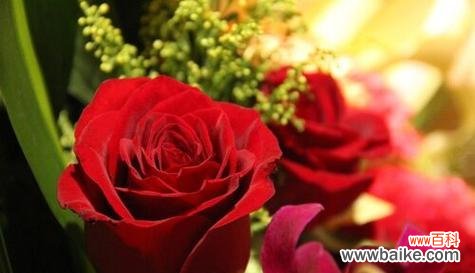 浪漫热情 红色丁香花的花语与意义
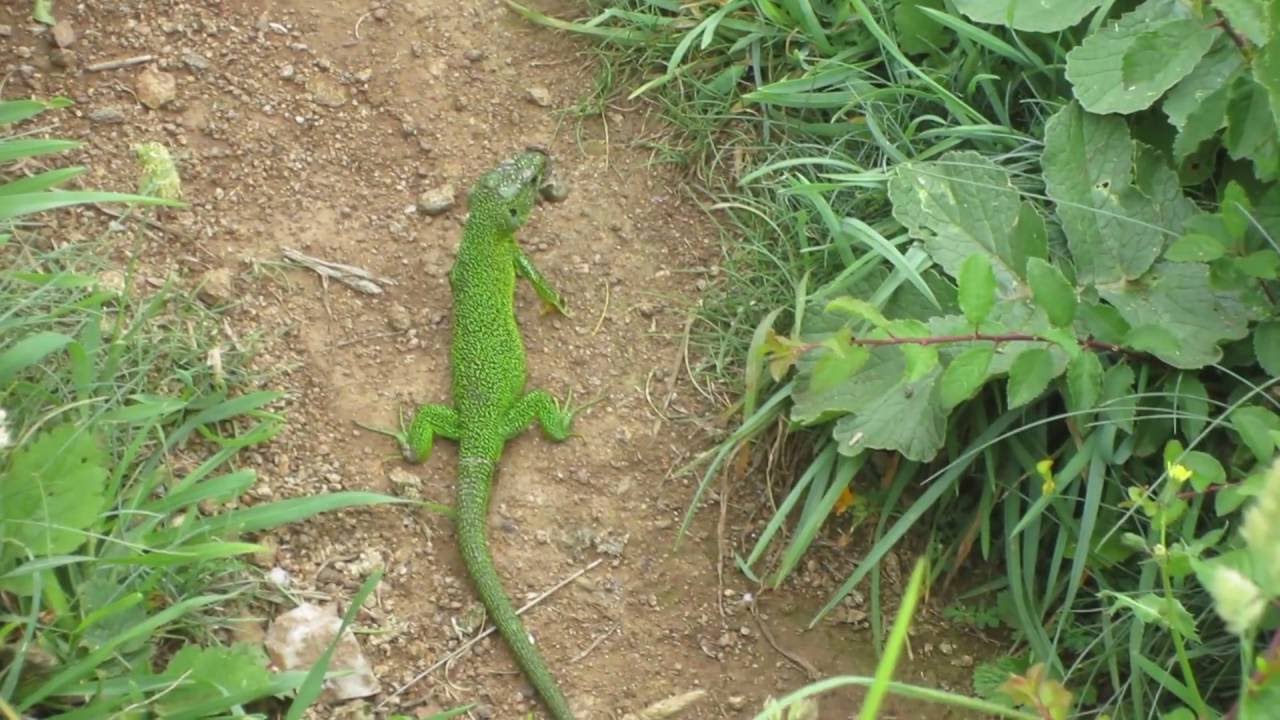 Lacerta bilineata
══════════════════════════════
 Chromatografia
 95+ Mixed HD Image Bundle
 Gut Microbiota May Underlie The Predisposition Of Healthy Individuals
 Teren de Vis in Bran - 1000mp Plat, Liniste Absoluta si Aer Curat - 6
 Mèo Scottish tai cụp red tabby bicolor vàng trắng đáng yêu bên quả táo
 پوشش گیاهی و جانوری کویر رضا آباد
══════════════════════════════
Your instructions
Starting at the line that has "Mèo Scottish tai" in the records above, restate word for word every line until the one that has "پوشش گیاهی و جانوری کویر رضا آباد", and include that one as well.

Solution to this task
 Mèo Scottish tai cụp red tabby bicolor vàng trắng đáng yêu bên quả táo
 پوشش گیاهی و جانوری کویر رضا آباد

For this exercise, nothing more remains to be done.